◆ WHAT THE TASK REQUIRES: Write out again, please, the records below from the first line to the line holding "But BCC, this", inclusive, and nothing else.

::: MATERIAL FOR THE TASK :::

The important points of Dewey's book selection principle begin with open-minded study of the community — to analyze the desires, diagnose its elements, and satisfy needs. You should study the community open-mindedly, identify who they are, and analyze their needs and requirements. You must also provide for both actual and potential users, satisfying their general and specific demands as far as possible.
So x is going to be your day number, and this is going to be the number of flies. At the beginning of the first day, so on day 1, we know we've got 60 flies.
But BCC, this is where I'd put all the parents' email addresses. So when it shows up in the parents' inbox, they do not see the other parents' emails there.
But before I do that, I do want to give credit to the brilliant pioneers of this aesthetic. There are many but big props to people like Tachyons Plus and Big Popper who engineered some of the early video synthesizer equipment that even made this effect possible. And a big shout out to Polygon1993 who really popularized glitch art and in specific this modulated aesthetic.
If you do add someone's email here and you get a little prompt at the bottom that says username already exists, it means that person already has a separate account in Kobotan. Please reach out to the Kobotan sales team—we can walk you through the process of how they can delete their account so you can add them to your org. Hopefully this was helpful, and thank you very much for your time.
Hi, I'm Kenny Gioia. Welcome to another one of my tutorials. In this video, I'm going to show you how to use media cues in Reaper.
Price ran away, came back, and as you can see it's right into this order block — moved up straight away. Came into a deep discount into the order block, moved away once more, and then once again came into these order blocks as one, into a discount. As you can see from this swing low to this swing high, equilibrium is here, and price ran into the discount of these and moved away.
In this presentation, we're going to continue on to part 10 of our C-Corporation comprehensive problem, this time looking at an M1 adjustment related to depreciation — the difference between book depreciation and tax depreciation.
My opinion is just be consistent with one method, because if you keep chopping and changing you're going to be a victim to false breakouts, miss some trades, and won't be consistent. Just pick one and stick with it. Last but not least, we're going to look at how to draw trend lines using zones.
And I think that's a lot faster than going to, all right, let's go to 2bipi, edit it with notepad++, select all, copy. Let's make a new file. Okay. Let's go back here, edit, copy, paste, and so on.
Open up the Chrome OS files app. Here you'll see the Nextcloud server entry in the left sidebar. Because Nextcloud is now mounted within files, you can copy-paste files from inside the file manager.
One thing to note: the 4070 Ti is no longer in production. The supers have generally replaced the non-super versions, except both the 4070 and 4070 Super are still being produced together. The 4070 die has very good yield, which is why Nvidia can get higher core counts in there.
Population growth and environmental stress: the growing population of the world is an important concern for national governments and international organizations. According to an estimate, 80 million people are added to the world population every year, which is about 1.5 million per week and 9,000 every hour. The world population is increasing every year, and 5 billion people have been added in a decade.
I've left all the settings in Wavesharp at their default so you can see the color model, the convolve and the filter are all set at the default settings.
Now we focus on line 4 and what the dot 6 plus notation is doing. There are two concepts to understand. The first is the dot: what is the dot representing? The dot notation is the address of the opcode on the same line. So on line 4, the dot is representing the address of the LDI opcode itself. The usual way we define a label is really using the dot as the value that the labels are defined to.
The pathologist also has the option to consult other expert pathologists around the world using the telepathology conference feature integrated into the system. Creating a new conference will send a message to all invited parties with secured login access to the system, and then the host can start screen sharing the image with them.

:::

◆ REPLY:
The important points of Dewey's book selection principle begin with open-minded study of the community — to analyze the desires, diagnose its elements, and satisfy needs. You should study the community open-mindedly, identify who they are, and analyze their needs and requirements. You must also provide for both actual and potential users, satisfying their general and specific demands as far as possible.
So x is going to be your day number, and this is going to be the number of flies. At the beginning of the first day, so on day 1, we know we've got 60 flies.
But BCC, this is where I'd put all the parents' email addresses. So when it shows up in the parents' inbox, they do not see the other parents' emails there.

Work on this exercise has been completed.